Your copy should hold only the lines from the one containing "Set da Pranzo" through the final line of the entries, exactly as written, with no pictures.

BEGIN Data shown

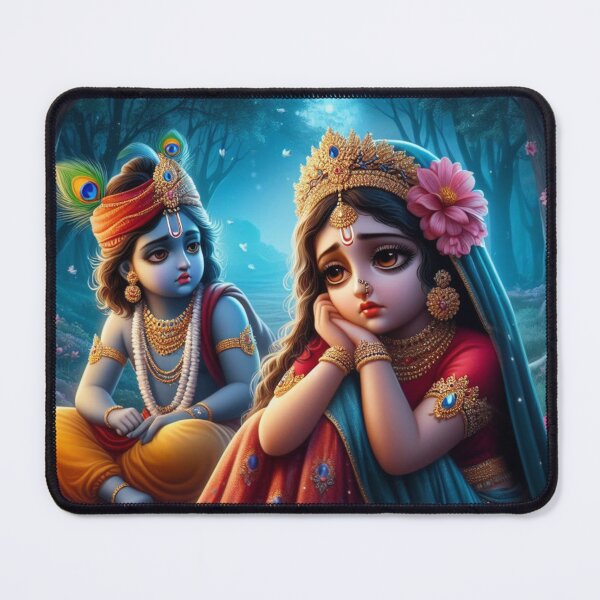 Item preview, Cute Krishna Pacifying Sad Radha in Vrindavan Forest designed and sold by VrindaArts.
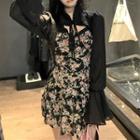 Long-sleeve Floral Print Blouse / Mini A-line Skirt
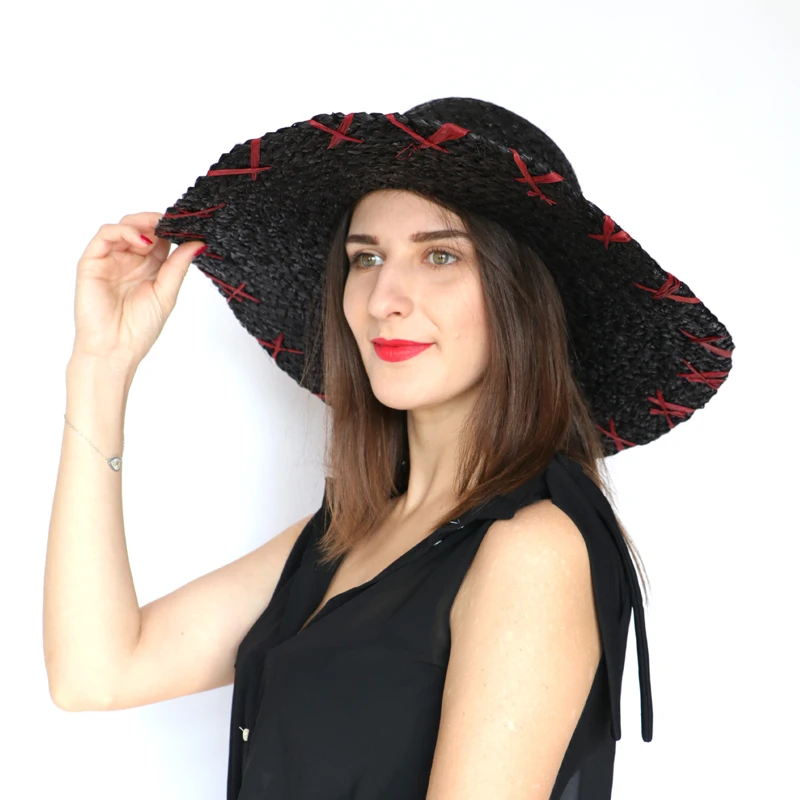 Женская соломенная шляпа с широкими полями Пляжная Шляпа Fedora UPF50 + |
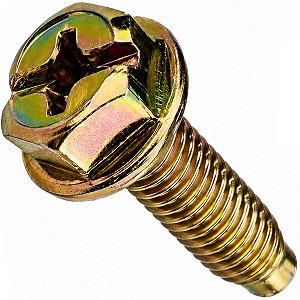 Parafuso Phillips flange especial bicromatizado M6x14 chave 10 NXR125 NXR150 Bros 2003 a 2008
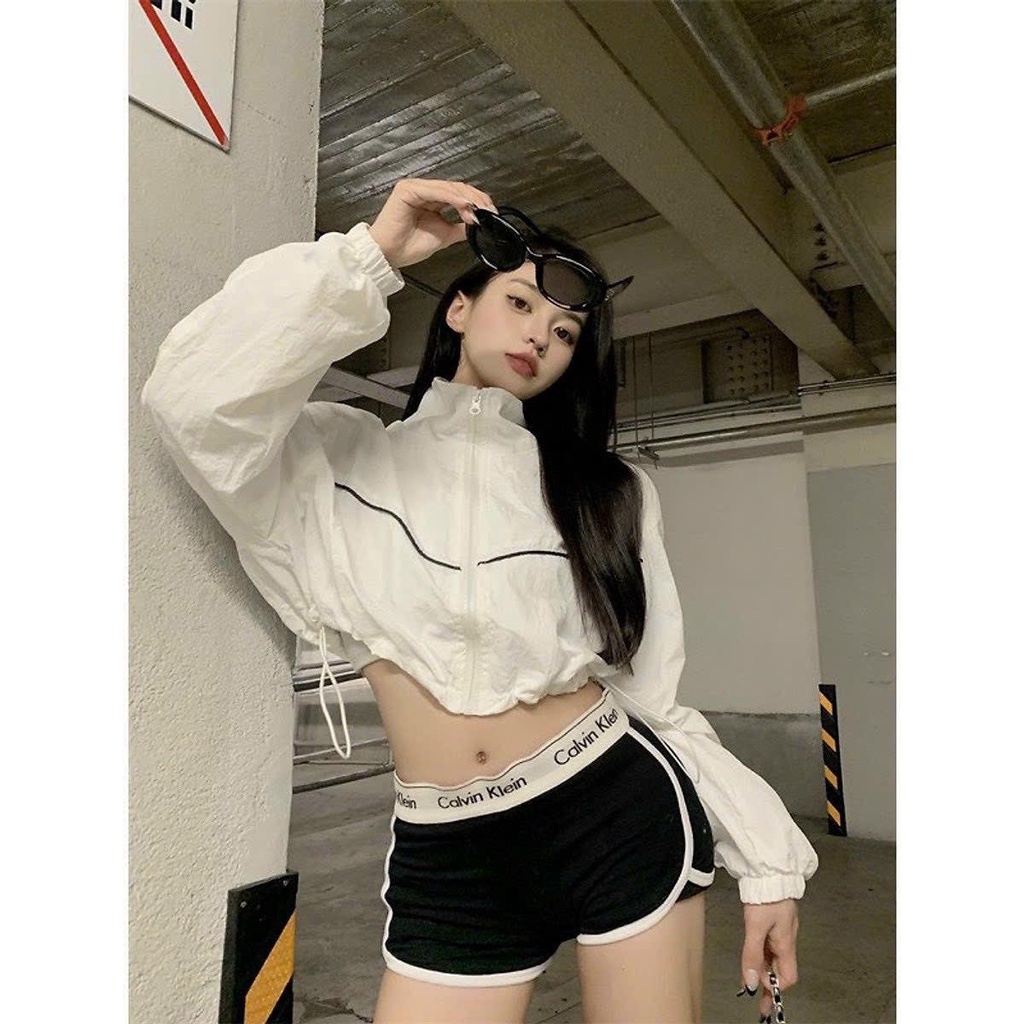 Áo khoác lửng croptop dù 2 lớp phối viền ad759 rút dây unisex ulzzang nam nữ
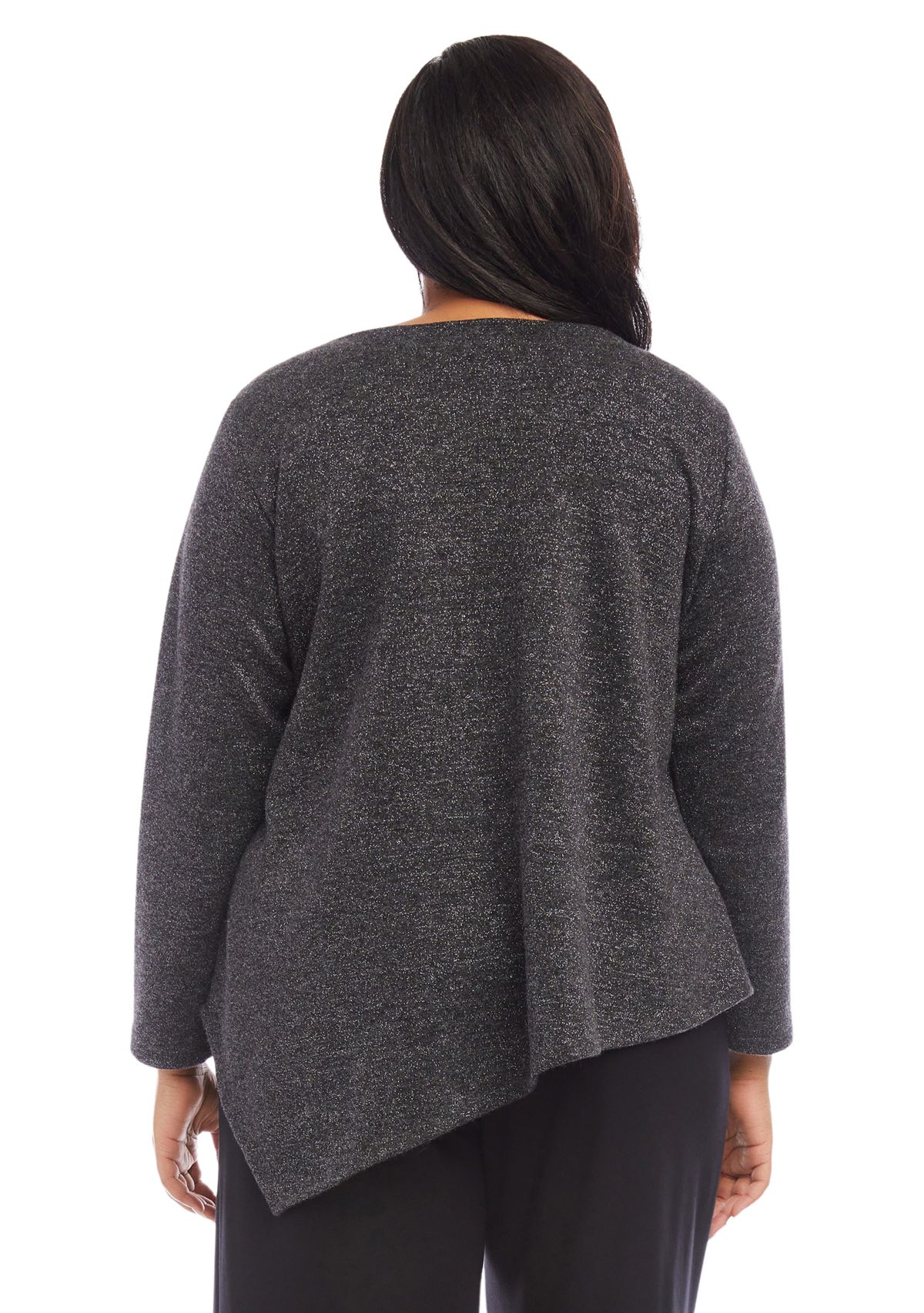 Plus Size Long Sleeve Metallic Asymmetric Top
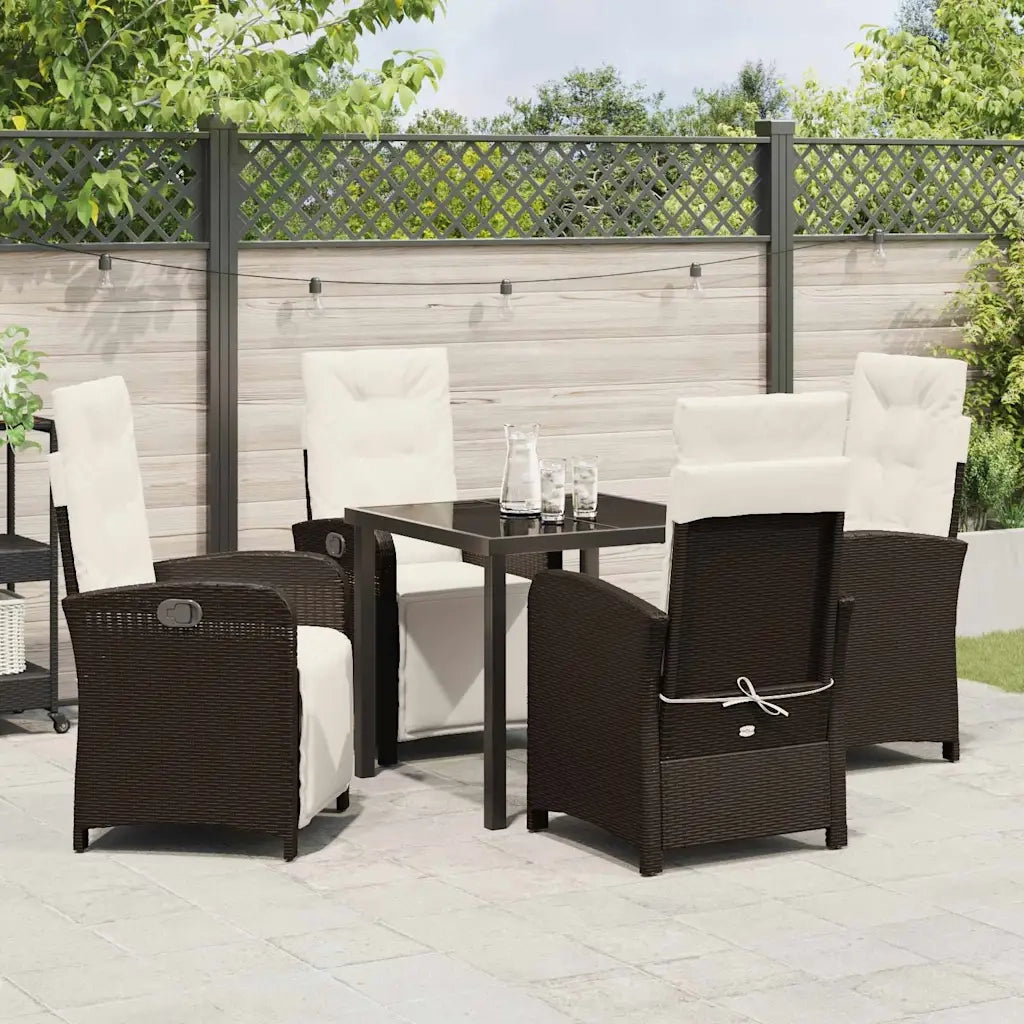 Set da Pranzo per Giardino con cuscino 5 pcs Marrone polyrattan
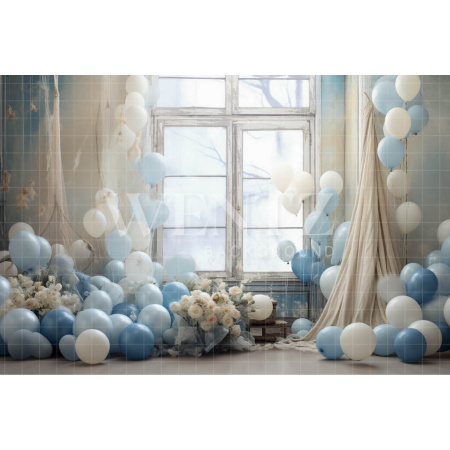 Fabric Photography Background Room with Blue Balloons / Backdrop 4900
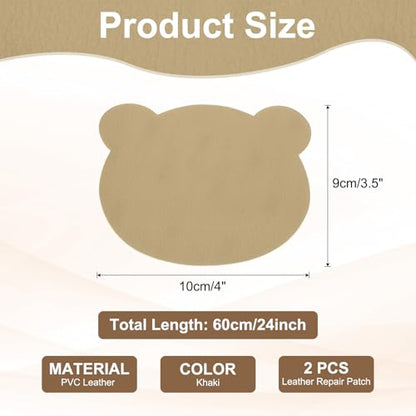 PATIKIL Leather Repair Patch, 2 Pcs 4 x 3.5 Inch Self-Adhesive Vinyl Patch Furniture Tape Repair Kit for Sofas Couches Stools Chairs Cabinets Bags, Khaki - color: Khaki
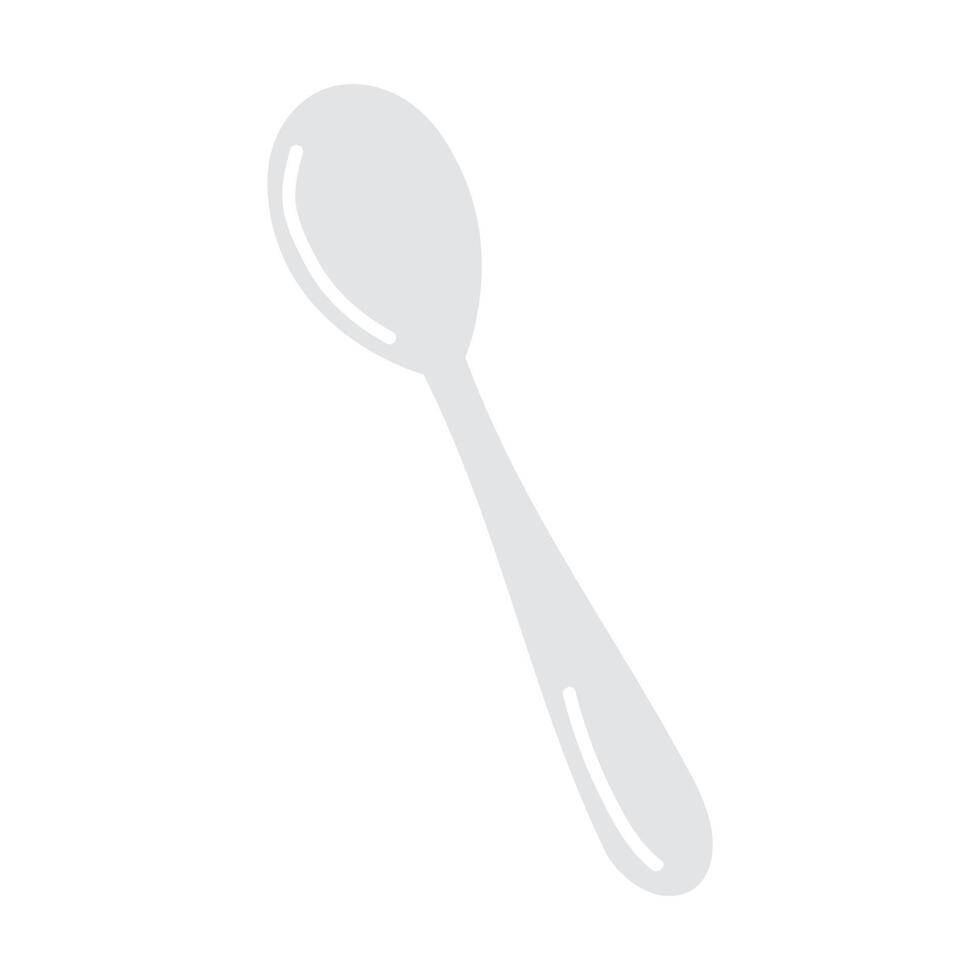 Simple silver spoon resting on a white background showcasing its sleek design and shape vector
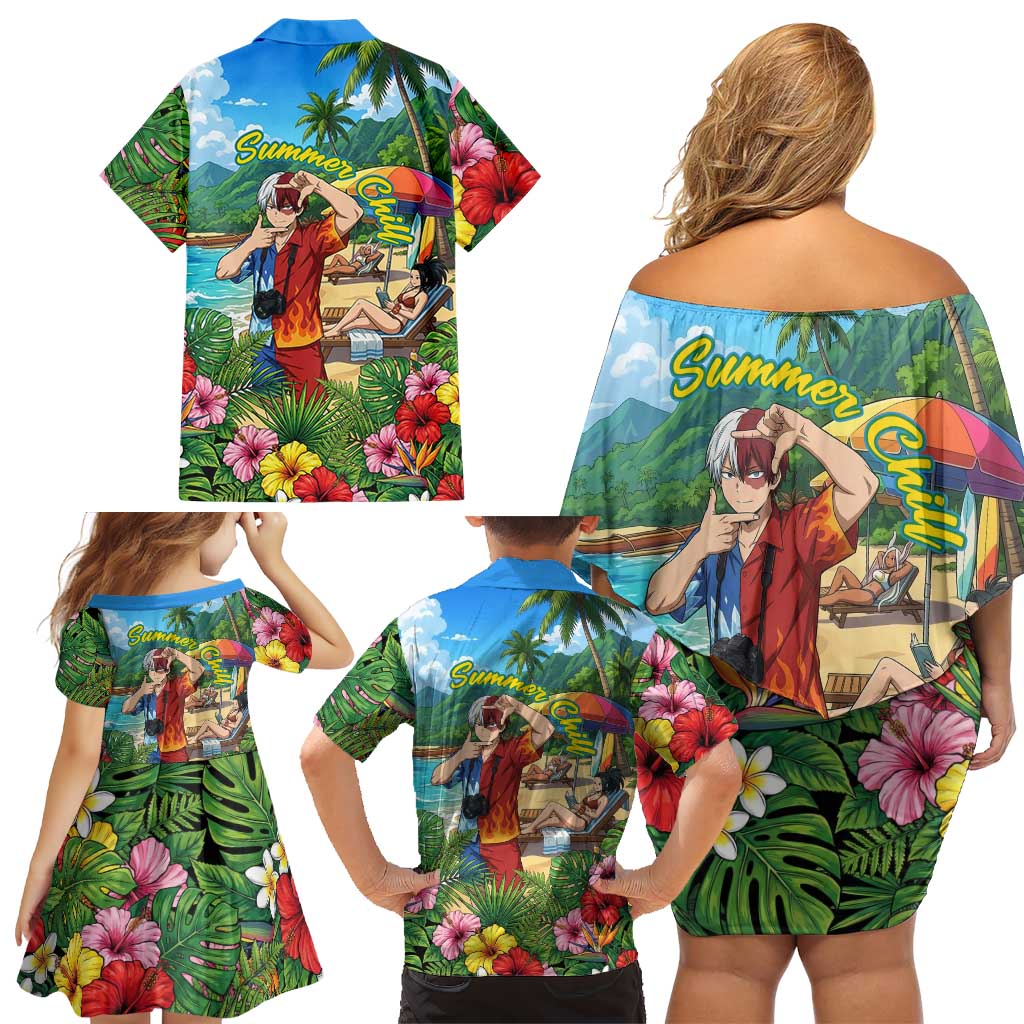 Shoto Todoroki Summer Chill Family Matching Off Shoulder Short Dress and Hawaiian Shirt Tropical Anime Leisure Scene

END Data shown

**Exercise result:**
 Set da Pranzo per Giardino con cuscino 5 pcs Marrone polyrattan
 Fabric Photography Background Room with Blue Balloons / Backdrop 4900
 PATIKIL Leather Repair Patch, 2 Pcs 4 x 3.5 Inch Self-Adhesive Vinyl Patch Furniture Tape Repair Kit for Sofas Couches Stools Chairs Cabinets Bags, Khaki - color: Khaki
 Simple silver spoon resting on a white background showcasing its sleek design and shape vector
 Shoto Todoroki Summer Chill Family Matching Off Shoulder Short Dress and Hawaiian Shirt Tropical Anime Leisure Scene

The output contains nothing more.